I understand what you have mentioned, my issue is actually using the Biot-savart law to find the magnitude. Im unsure how to apply it to to a point at the center of a circle.
$$B(r)=\frac{\mu_0}{4\pi}I \int dl' \times \hat{r}\frac{1}{r^2}$$

I dont know how to determine $\hat{r}$ and the magnitude $\frac{1}{r^2}$ for a quarter circle. Since the point we're interested in is at the origin, i cant use the geometrical interpretation where $r=r_{field}-r_{source}$

Last edited: Nov 30, 2013
4. Nov 30, 2013

### hjelmgart

Yeah, I can relate, however, it can be quite simple actually!

The cross product is quite simple, since the unit vector always points towards the center of the circle, it just becomes dl' sin(90) since the

Then you only have to integrate over the path, dl', which is simply the circumference.

5. Nov 30, 2013

### bfusco

the point P is close to where C is in that picture provided.

If you draw 2 circles one with radius 'a' and the other 'b' and center those on the origin, then erase the parts of the circles in quadrants 2,3,4, you're left with 2 quarter circles in quadrant 1. Point P would be at the origin of the axis. If you then connect those as is done in the picture, you have the setup i am attempting to describe.

6. Nov 30, 2013

### hjelmgart

As long as the point P, is at the center of the circle, it should be simple.

So you follow the cross product thing? Since you take the cross product between the vector l', which is the same direction as the current.

So circle with radius a has sin(90) and circle radius b has sin(-90).

You then add the two values, you obtain with Biot and Savarts law, where one becomes negative due to the sin(-90)

7. Nov 30, 2013

8. Dec 1, 2013

### hjelmgart

[Perhaps I didn't make it very clear :-)

The $\hat{r}$ is just a unit vector, its magnitude is one. The cross product between dl' and $\hat{r}$ is simply the magnitudes of each vector times sine to the angle between them.

The direction of dl' is the same as the direction of the current. So the angle between it and $\hat{r}$ will be 90 degrees for the inner circle and -90 for the outer.

And you know $\frac{1}{r^2}$, because it is simply the radius of the circle. It doesn't matter if it's a quarter circle.

The only thing affected by the fact, that it is a quarter circle, is the $\int dl'$, since that integral gives the length of the wire, you want to know the magnetic field at the point P, for.
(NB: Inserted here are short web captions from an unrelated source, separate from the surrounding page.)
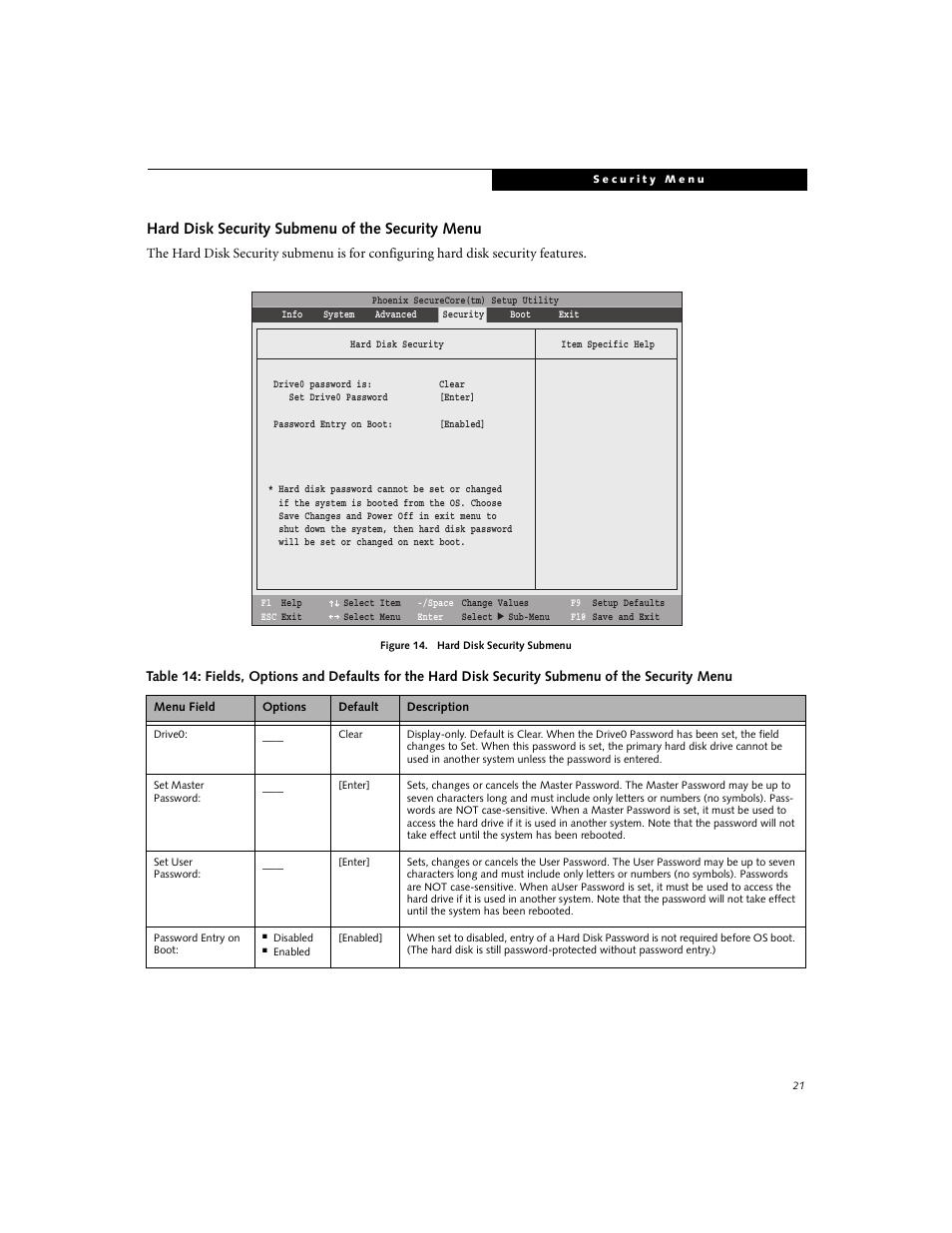 Hard disk security submenu of the security menu | FUJITSU A6210 User Manual | Page 21 / 25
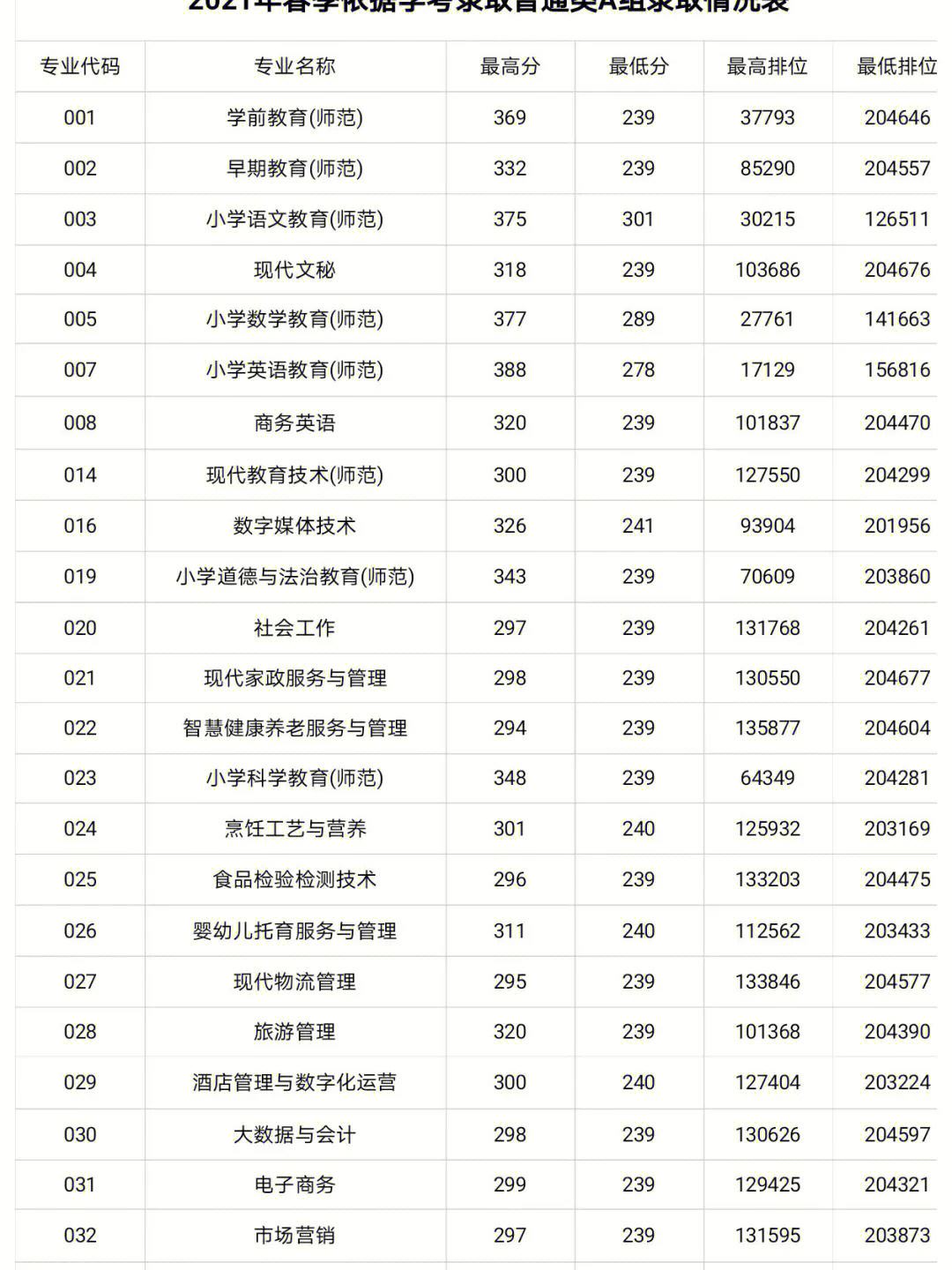私立華聯學院分數線(廣州十所最好民辦學校)-圖1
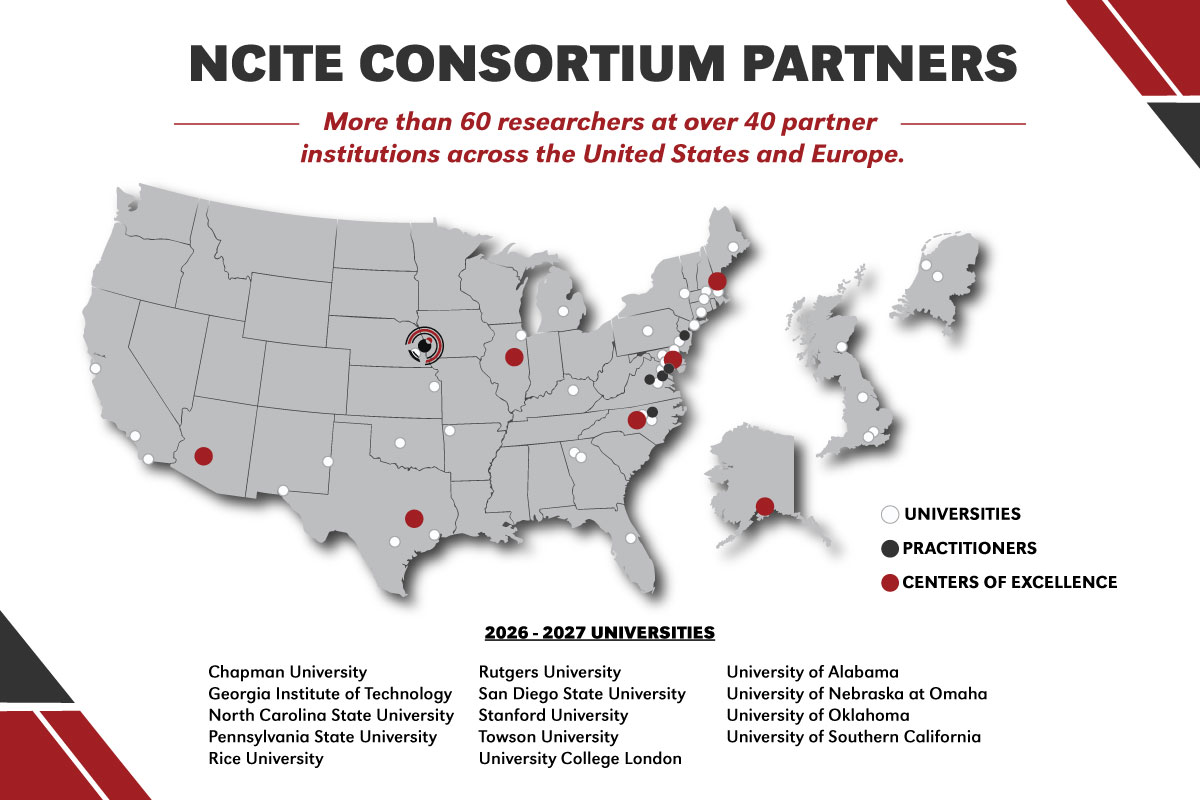 “NCITE Consortium Partners” showing a map of the United States and Europe with markers for universities, practitioners, and Centers of Excellence. The graphic states that NCITE includes more than 60 researchers at over 40 partner institutions across the United States and Europe. The 2026–2027 universities listed are Chapman University, Georgia Institute of Technology, North Carolina State University, Pennsylvania State University, Rice University, Rutgers University, San Diego State University, Stanford University, Towson University, University College London, University of Alabama, University of Nebraska at Omaha, University of Oklahoma, and University of Southern California.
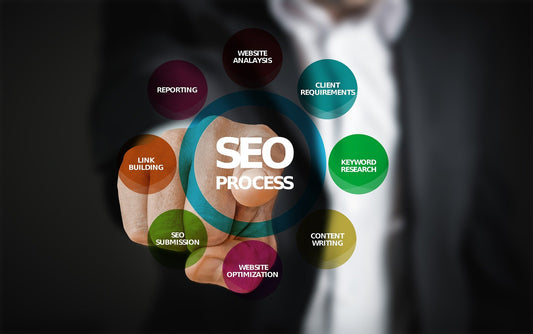 SEO per ecommerce una guida all’ottimizzazion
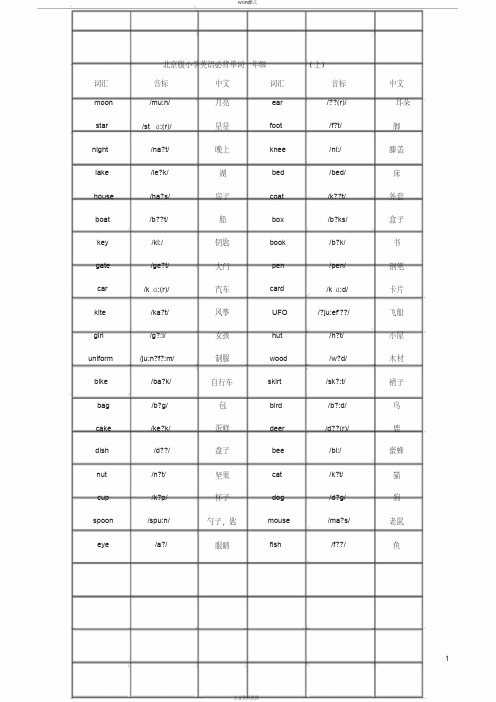 北京版小学一至六年级英语词汇(带音标整理版)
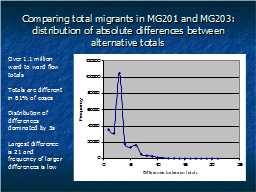Comparing total migrants in MG201 and MG203: distribution of absolute differences between alternative totals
As I said earlier, you can simply do Biot and savarts law twice. One for the inner wire, and one for the outer wire. Then you can add them, and you have the magnitude of the magnetic field at the point B.

Also $r=r_{field}-r_{source}$ is not wrong, but since you have your point in origo, it is just the radius. However, you can always place your point elsewhere in the coordinate system. As long as you move the wires accordingly. Then you will get the same result. It's just placed in origo for making it simpler. In fact you can always place it origo even if the assignment doesnt say, where it is placed. It makes the problem easier, when you are dealing with a circle.